This paper investigates the ways English speakers employ the predicates like, similar, and resemble to express similarity in natural speech. A corpus of 450 instances was created and manually coded, and an acceptability rating experiment was conducted. Converging evidence from the corpus analysis and the experiment shows that the three predicates occur with the same range of uses, but differ in their propensities to occur with particular dimensions of similarity. Specifically, like is associated with metaphorical comparisons, and resemble is associated with visual comparisons. A synchronic account of these findings is developed, based on a distinction between conventionally encoded meaning and prototypical usage. A diachronic account is also proposed, highlighting the commonality in the predicates’ conceptual origins and the differences in their historical usage. This work has theoretical and methodological implications for the study of similarity. In particular, it raises the possibility that previous findings may be distorted due to a reliance on certain similarity predicates in the phrasing of experimental instructions and stimuli.

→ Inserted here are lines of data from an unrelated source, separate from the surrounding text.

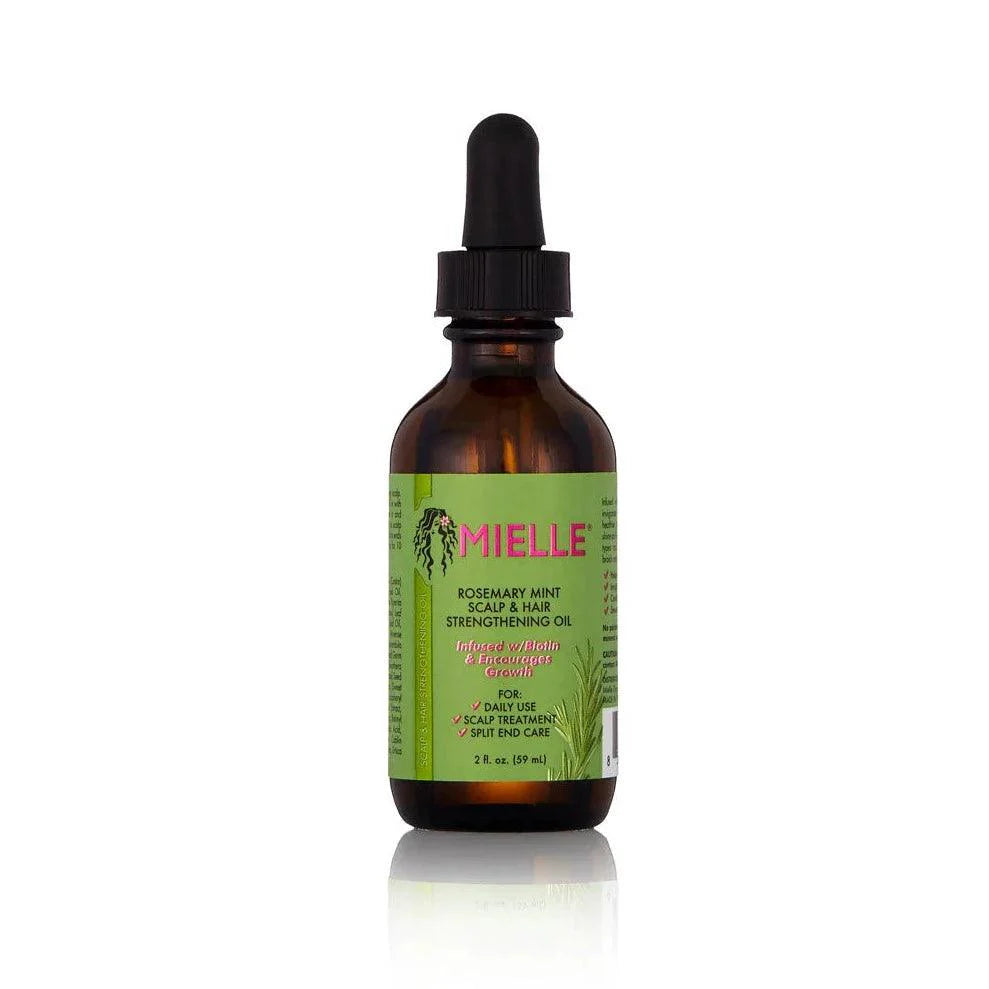 Mielle Rosemary Mint Scalp & Hair Strengthening Oil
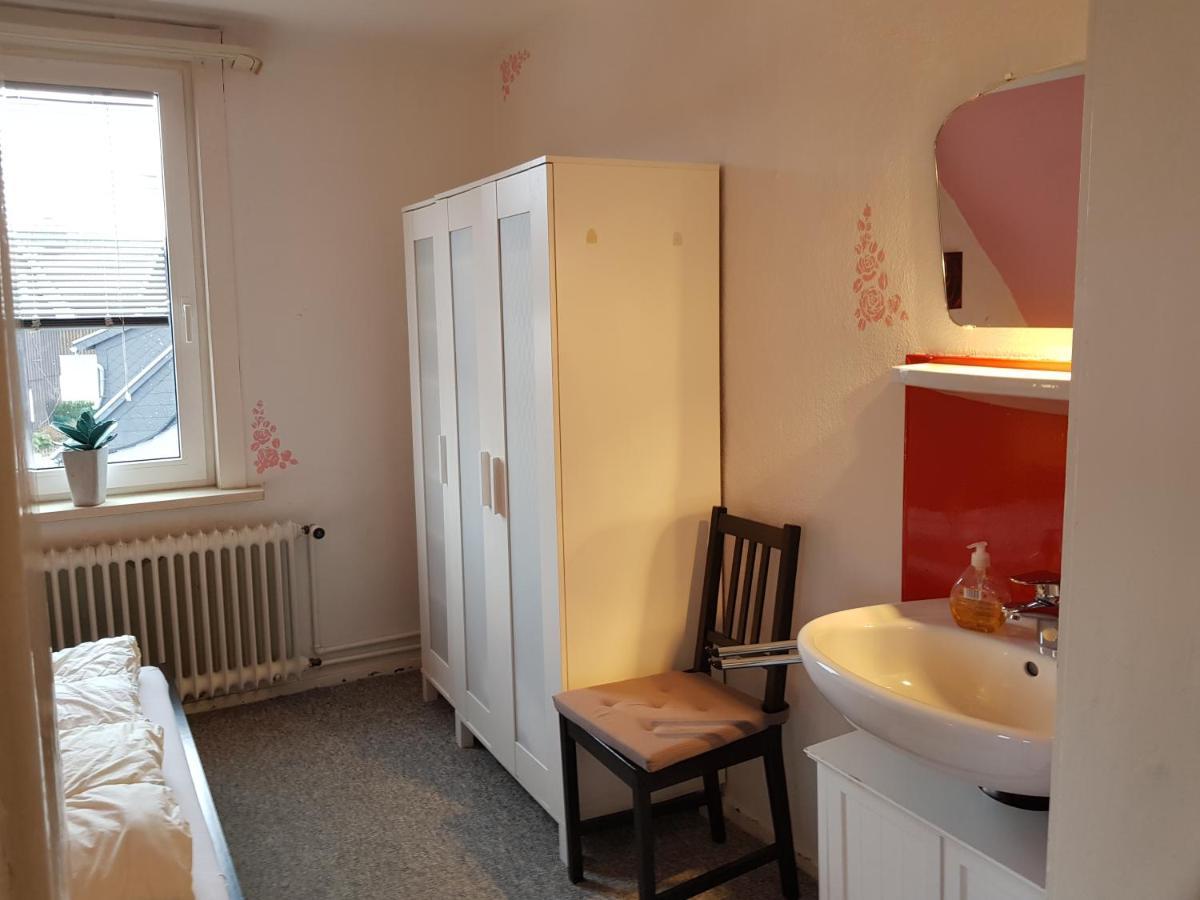 בראונלאגה Haus Bergeshoeh מראה חיצוני תמונה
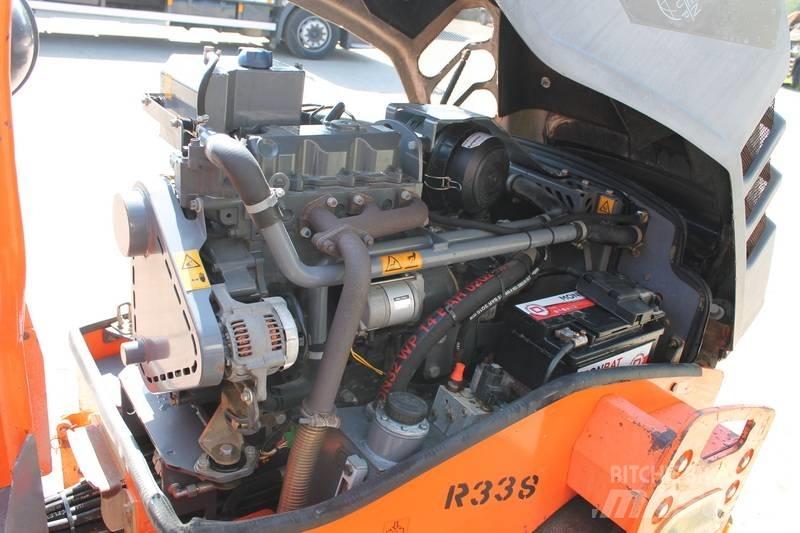 Hamm HD 12 Cilindros Compactadores tandem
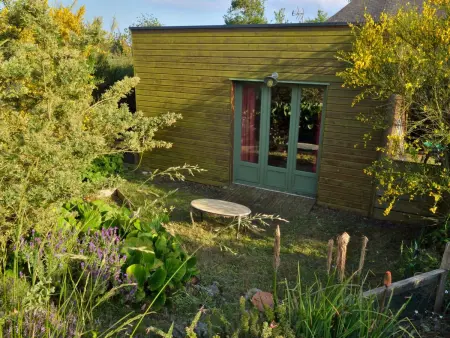 Wood love Home, Maison 4 personnes à Plerneuf - Photo 20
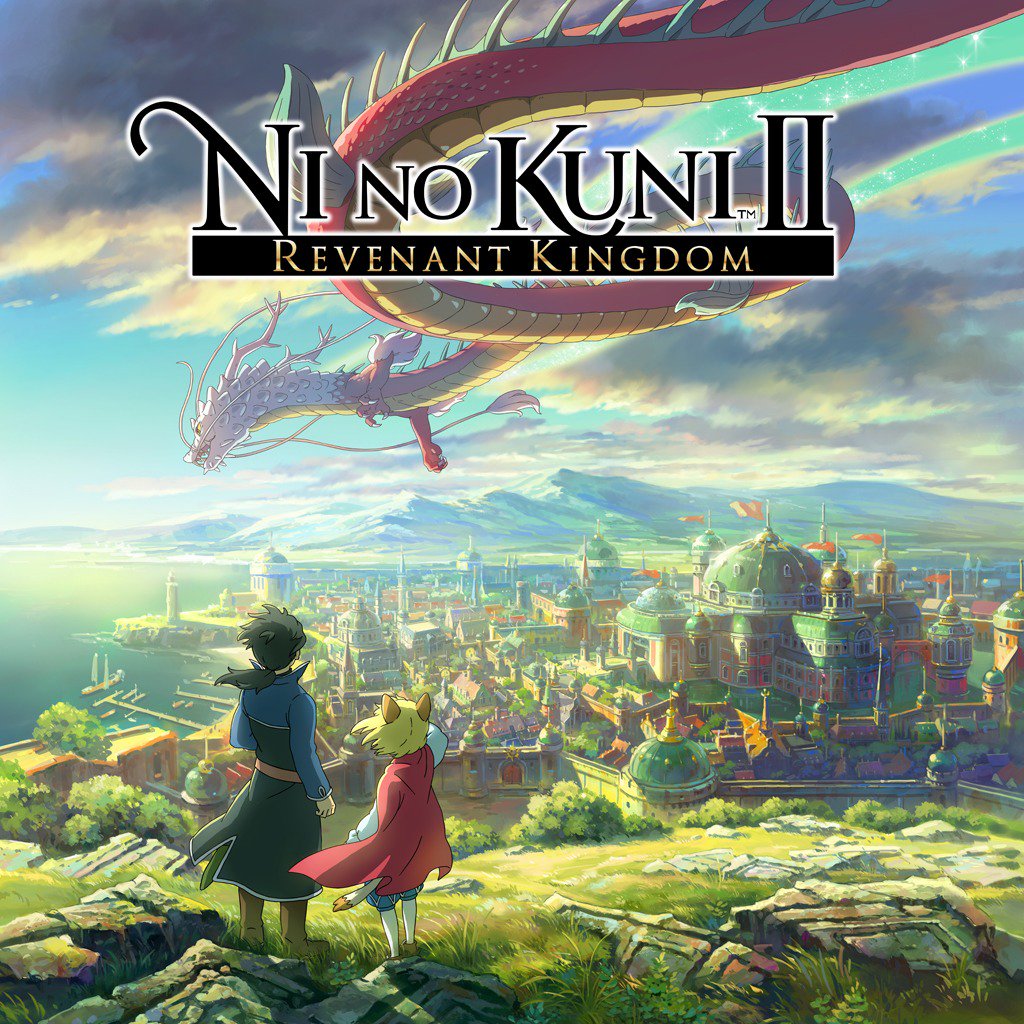 PlayStation's tweet image. Learn what it means to become king. Ni no Kuni II: Revenant Kingdom is out now at PlayStation Store: play.st/NNK2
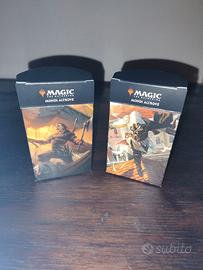 Scatolette portamazzo Assassin's Creed MTG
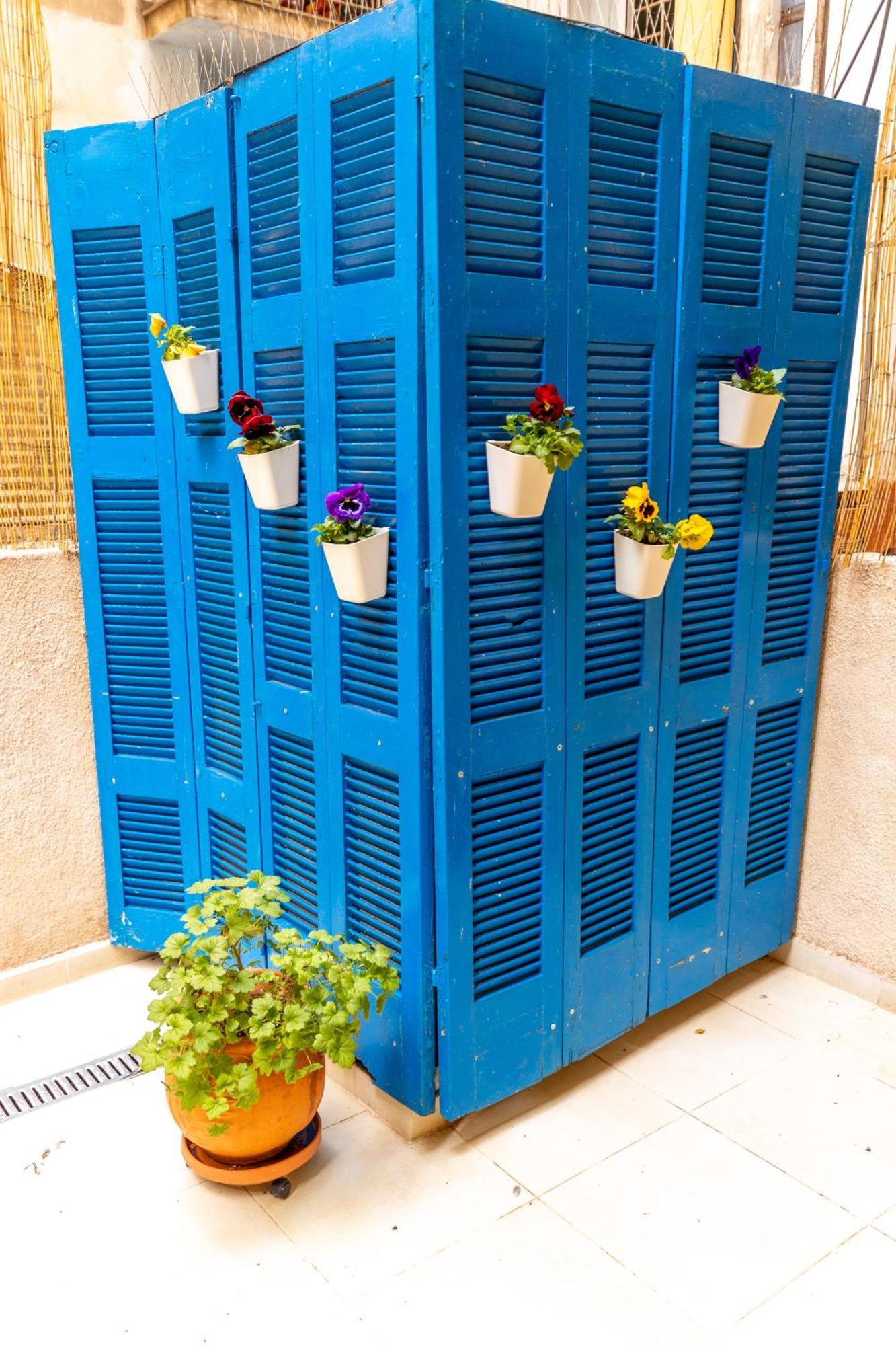 Oasis In The Centre Appartement Athene Buitenkant foto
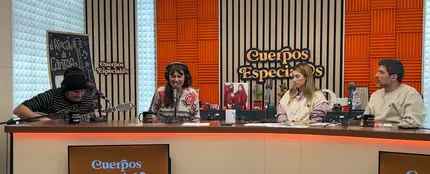 Amaral en El rincón de cantar Amaral en El rincón de cantar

It also ties into debates on synonymy, suggesting a shift in attention from a distinction between denotational and associative meaning, to the aforementioned distinction between conventional and prototypical meaning.

Acknowledgements

I wish to thank Mira Ariel, Yeshayahu Shen, Malka Rappaport Hovav, and participants at IGDAL 5 for insightful comments on earlier versions of this paper. I am also grateful for the constructive criticism and valuable suggestions by Dagmar Divjak, Dasha Hanzlikova and three anonymous reviewers. This research was supported by the Israel Science Foundation (grant no. 431/15 to Mira Ariel, and grant no. 1196/12 to Yeshayahu Shen).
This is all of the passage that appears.